Sônia Guimarães aposentou-se no ano de 2013, como Professora Titular do Departamento de Sociologia da UFRGS, prosseguindo como docente convidada do PPG Sociologia com Bolsa de Produtividade em Pesquisa na Categoria Sênior do CNPq.. Tem se dedicado à leitura de filosofia, em especial a obra de Nietzsche, mas lamenta não conseguir ler tudo o que lhe interessa. A digitalização, uma das principais forças de transformação social, é o tópico de seu interesse de pesquisa.
Quando perguntada sobre a longevidade de sua carreira, responde: “é o amor pela ciência”.

Sugestões de obras da autora:

GUIMARÃES, Sônia M. K.. Empreendedorismo intensivo em conhecimento no Brasil. Cadernos CRH, v. 24, p. 575-592, 2011.

GUIMARÃES, Sônia M. K.. Reestruturação das telecomunicações e o desafio aos sindicatos: Brasil numa perspectiva internacional. REVISTA BRASILEIRA DE CIÊNCIAS SOCIAIS, Brasil., v. 18, n.52, p. 81-106, 2003.

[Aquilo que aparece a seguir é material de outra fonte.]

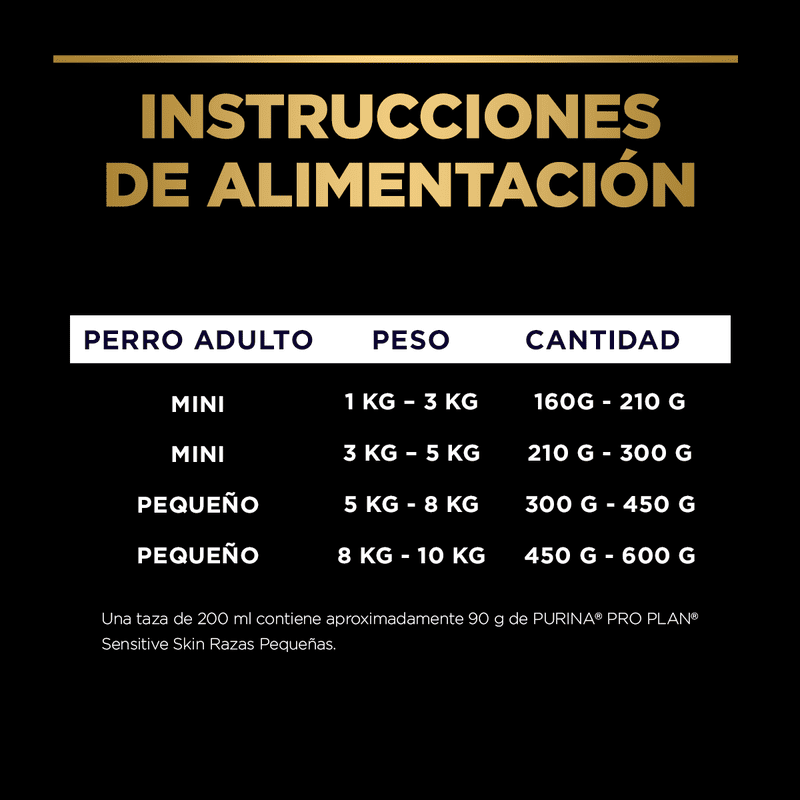 pro-plan-sensitive-skin-razas-pequenas-salmon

GUIMARÃES, Sônia M. K.. Reestruturação produtiva e qualificação nos anos 90. Aspectos do contexto internacional no setor de serviços.. REVISTA BRASILEIRA DE CIÊNCIAS SOCIAIS, São Paulo, v. 12, n.33, p. 35-47, 1997.

GUIMARÃES, Sônia M. K.. Classes Médias e Movimento Sindical: o caso dos profissionais de nível superior no Rio Grande do Sul. São Paulo em Perspectiva, São Paulo, v. 5, n.1, p. 64-71, 1991.

GUIMARÃES, Sônia M. K.. Classes e Movimentos Sociais na América Latina. São Paulo: Hucitec, 1990.